As soon as Emmy returns to school, I begin searching the desert beyond the boarding house. Exactly what I am looking for – the old road, a secret shack, a car full of marijuana? – I’m not sure, but every day I throw a couple of litres of water into my backpack and head south out of the town. Dozens of trails look promising, only to peter out into dead ends. I hike deep into the hills, standing on different points and staring fruitlessly at the landscape until finally, one day, I spot something. A thin chalky line in the distance cutting through the green of the scrub. A road, indisputably. I try to trace it back to where I’m standing but am thwarted by the impenetrable expanse of oak that belts the town. Still, it occurs to me that if I were to cut round the mountain at an even steeper angle, circumvent the oak altogether, then drop onto it
from above, it should be possible to follow it back to Temerosa.
On Thursday I inform Benjamín I’m going to Phoenix for the weekend. On Friday I ring Sharleen and Candy and arrange to drop Jack and Emmy off at Prestcott’s after school – having promised the children a great deal of latitude with regard to hamburger eating and television watching – then on Saturday morning I set off.
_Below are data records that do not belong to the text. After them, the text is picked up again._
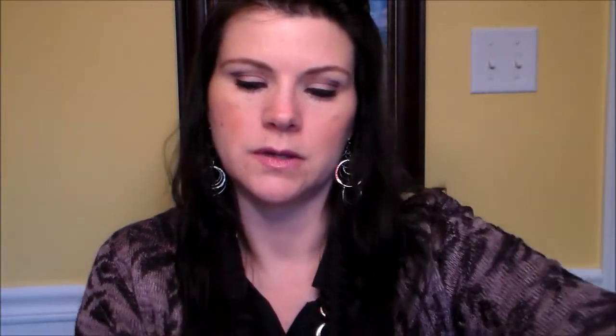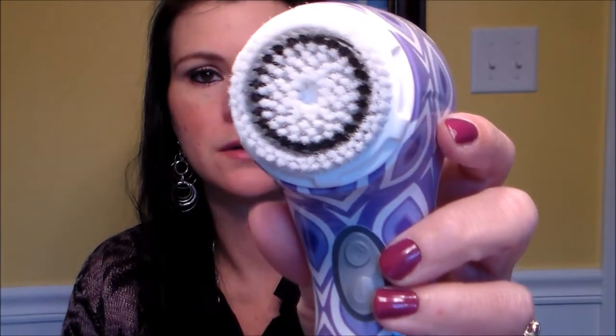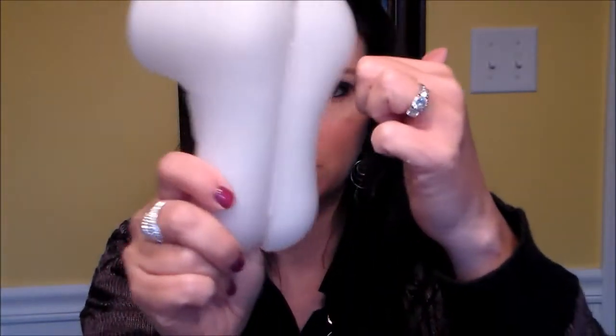Here is the Clarisonic itself — it came with a travel case, so that's what it's stored in. This is what it looks like — see how it's purple with designs? They had the option for solid purple but I really like the design. The cover was super easy to get off, and it's a nice hard plastic carrying case.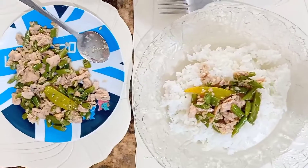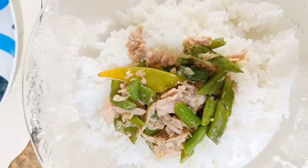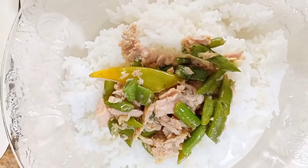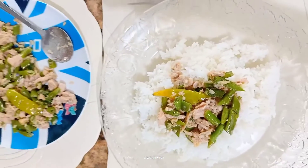Let's eat brunch. Give me some white meat tuna with baguette and green pepper plus white rice.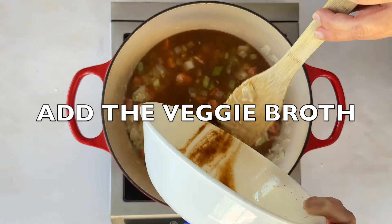Now add the farfalle pasta, which are cute bow tie pasta. Traditionally, this dish uses homemade square pot pie noodles, but farfalle works for a quicker meal. Let them cook in that broth for about ten minutes, stirring often so they don't stick.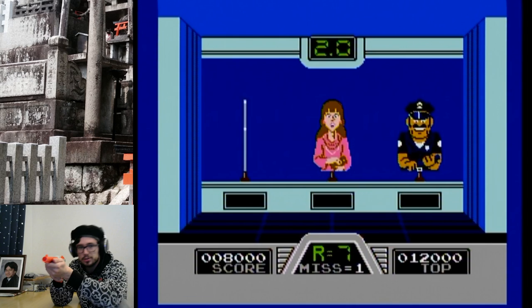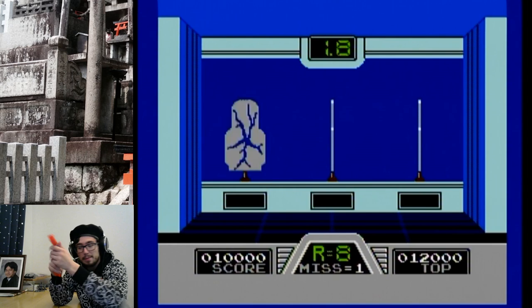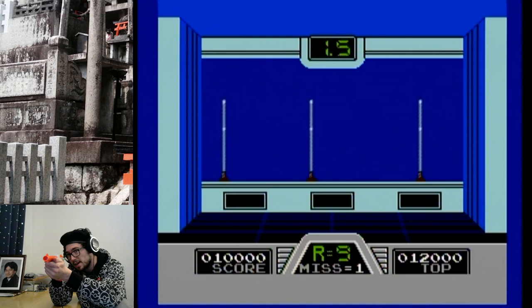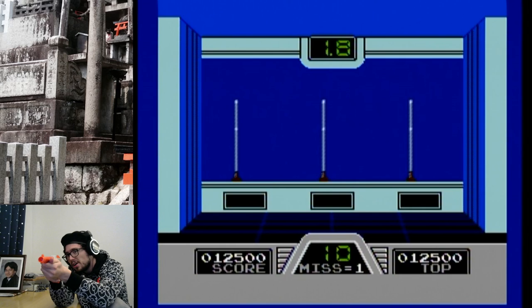I recently discovered that for about $20 you can buy a special adapter that will allow you to use Zapper guns and NES controllers with the Famicom — both the AV Famicom, Twin Famicom, and of course the original Famicom. So these next few dojos are going to be focusing on Zapper gun games.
I climb steadily for the first hour, zigzagging up the side of the hill, keeping the chalky line of the road in the corner of my eye. Climbing isn’t so easy in spring as it is in winter. Plants and shrubs are sprouting everywhere and, wary of lethargic snakes and even warier of the spiky cactus cities dotted around underfoot, I keep my eyes glued to the ground, so much so that when I reach the cliff edge I nearly step straight off into the abyss. I walk along the spine of the mountain until the belt of oaks below me swings far to the right, then scramble down and set off again. I can no longer see the road, but according to the compass it should now be directly south.
Distance is misleading. It plays tricks on you. The sun, the heat, the sheer scale of the surroundings all conspire to swindle you out of your sense of time and perspective. I had figured on reaching the road within a couple of hours, three max, but after a further hour of flat hiking, I seem to be no closer. Uneasily, I check the compass, then shake it disbelievingly. Somehow I’ve lost due south and now appear to be heading west, with no way of judging how long I’ve been off track. It’s getting hot and my backpack is rubbing against my shoulders. I stop and drink some water, shielding my eyes from the sun and for an instant, sensing that I’m being watched, check the immediate bushes, but there’s nothing out here. Just a great stretch of rock and scrub. The landscape is empty of people, apparently empty of threat, but of course that, too, is just an illusion. Even with the glitch in direction I can’t be more than a few miles off the Mexican border and where there’s a line there will be people crossing it. At any moment our paths might meet and how safe will I feel then? Still, I bolster myself with the thought that this is merely a hike. No different from any other I’ve been on over the last few months. Just because it’s a hike with intent shouldn’t make it any more dangerous. I hitch up the backpack, correct course and press on.